"""

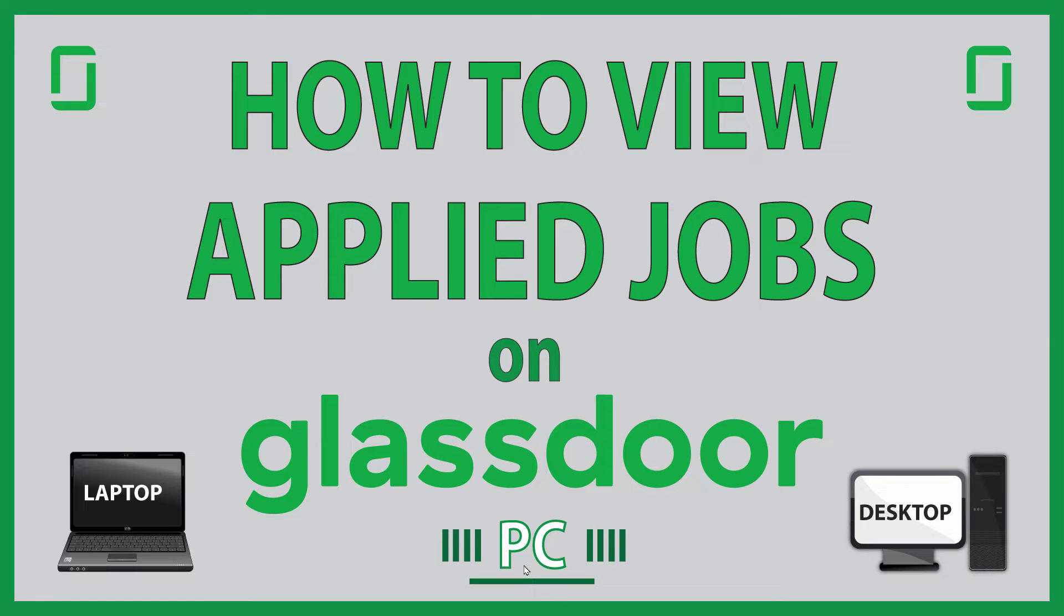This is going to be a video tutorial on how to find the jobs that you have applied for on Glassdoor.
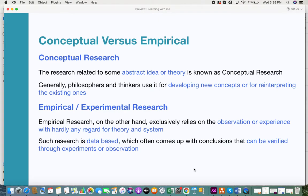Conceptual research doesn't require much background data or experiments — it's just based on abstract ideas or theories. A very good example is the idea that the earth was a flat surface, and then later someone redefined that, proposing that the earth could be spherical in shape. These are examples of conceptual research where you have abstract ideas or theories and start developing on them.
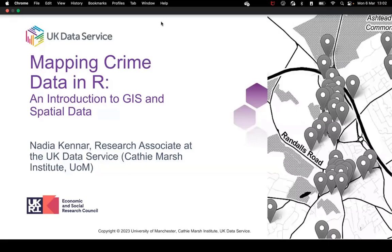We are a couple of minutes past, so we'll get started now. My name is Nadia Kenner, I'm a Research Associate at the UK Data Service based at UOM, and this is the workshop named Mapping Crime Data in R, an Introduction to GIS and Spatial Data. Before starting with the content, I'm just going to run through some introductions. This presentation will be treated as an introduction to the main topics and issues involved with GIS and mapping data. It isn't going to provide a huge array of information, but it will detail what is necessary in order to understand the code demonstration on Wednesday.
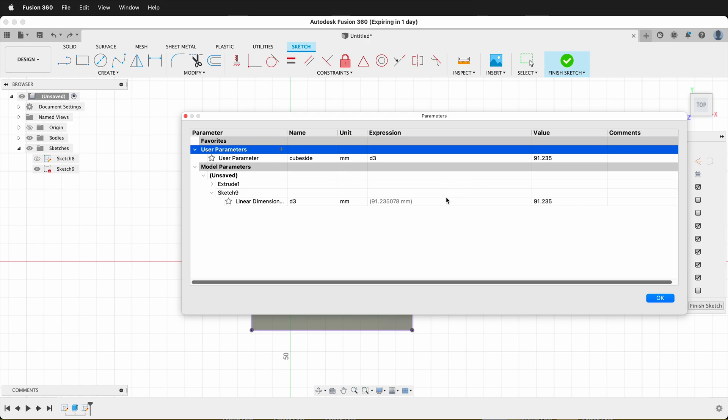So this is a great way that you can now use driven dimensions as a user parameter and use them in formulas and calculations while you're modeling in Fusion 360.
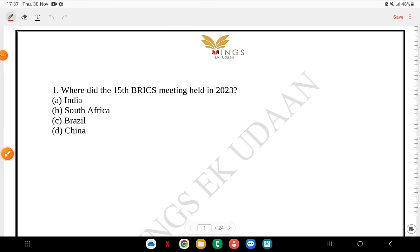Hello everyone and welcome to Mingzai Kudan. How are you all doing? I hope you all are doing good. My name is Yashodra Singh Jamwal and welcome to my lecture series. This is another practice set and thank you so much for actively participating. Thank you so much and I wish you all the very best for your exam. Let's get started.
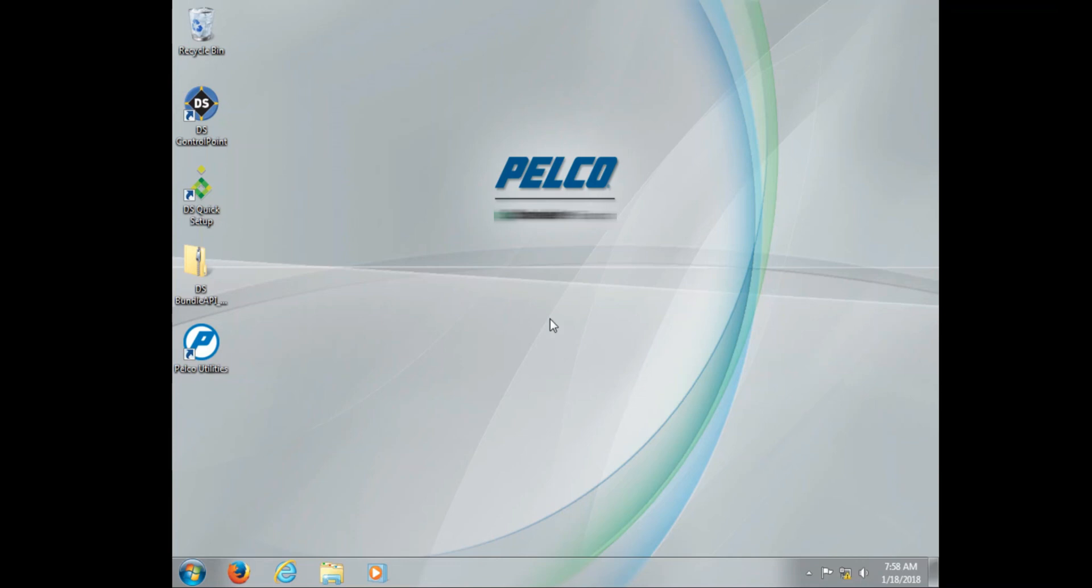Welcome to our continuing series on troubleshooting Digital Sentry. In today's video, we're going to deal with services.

"""

■ **PROBLEM DESCRIPTION**
Without including any pictures, output all the entries above exactly.

■ **SOLUTION TO THE PROBLEM**
This is going to be a video tutorial on how to find the jobs that you have applied for on Glassdoor.
Conceptual research doesn't require much background data or experiments — it's just based on abstract ideas or theories. A very good example is the idea that the earth was a flat surface, and then later someone redefined that, proposing that the earth could be spherical in shape. These are examples of conceptual research where you have abstract ideas or theories and start developing on them.
We are a couple of minutes past, so we'll get started now. My name is Nadia Kenner, I'm a Research Associate at the UK Data Service based at UOM, and this is the workshop named Mapping Crime Data in R, an Introduction to GIS and Spatial Data. Before starting with the content, I'm just going to run through some introductions. This presentation will be treated as an introduction to the main topics and issues involved with GIS and mapping data. It isn't going to provide a huge array of information, but it will detail what is necessary in order to understand the code demonstration on Wednesday.
So this is a great way that you can now use driven dimensions as a user parameter and use them in formulas and calculations while you're modeling in Fusion 360.
Hello everyone and welcome to Mingzai Kudan. How are you all doing? I hope you all are doing good. My name is Yashodra Singh Jamwal and welcome to my lecture series. This is another practice set and thank you so much for actively participating. Thank you so much and I wish you all the very best for your exam. Let's get started.
Welcome to our continuing series on troubleshooting Digital Sentry. In today's video, we're going to deal with services.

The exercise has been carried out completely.